The recording is at least perfectly satisfactory throughout and mostly very good for its age. I note that Australian Eloquence recordings now receive the SBS formatting which troubled some audio enthusiasts – though not me – when it was applied to the European Eloquence CDs. 

Colin Anderson’s notes are very good – much better than is usually on offer in this price-range – though I could have preferred more on the music and less about Ansermet. And when will record companies start to give Pictures from an Exhibition its correct name? The Germans hedge their bets nicely by calling the work Bilder einer Ausstellung.

If this reissue has made you value Ansermet more highly than you thought, have a look at his other recordings in the Eloquence catalogue: follow the Buywell link on the MusicWeb home-page. Alternatively, have a look at the earlier Ansermet recordings which haven’t made it to CD but are available for £1.99 per album from the Naxos Archive at – several classic recordings from the early 1950s.
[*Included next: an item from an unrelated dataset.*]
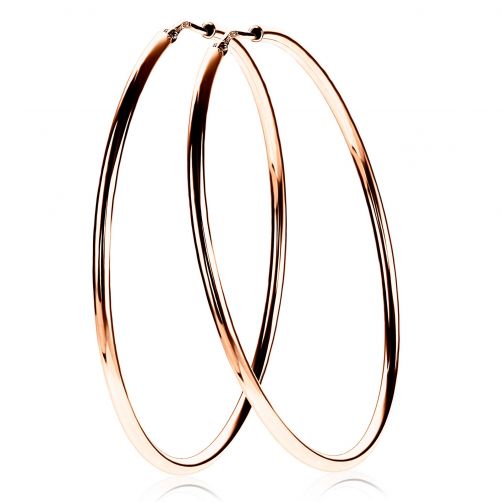 55mm ZINZI Rose Gold Plated Sterling Silver Hoop Earrings 55x2mm ZIO437R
They don’t include his mono version of Pictures, which I’d have liked to revisit, but there are reminders that he was an advocate of the music of Bartók and Prokofiev (one piano concerto from each, with Peter Katin). 

A word of warning: if you’re going to buy this recording, do so soon – most of the European Eloquence CDs have already succumbed to the deletions axe and, though some have reappeared on Australian Eloquence, such as the splendid Janet Baker/Bernard Haitink Das Lied von der Erde, several of the Australian Eloquences have also been deleted.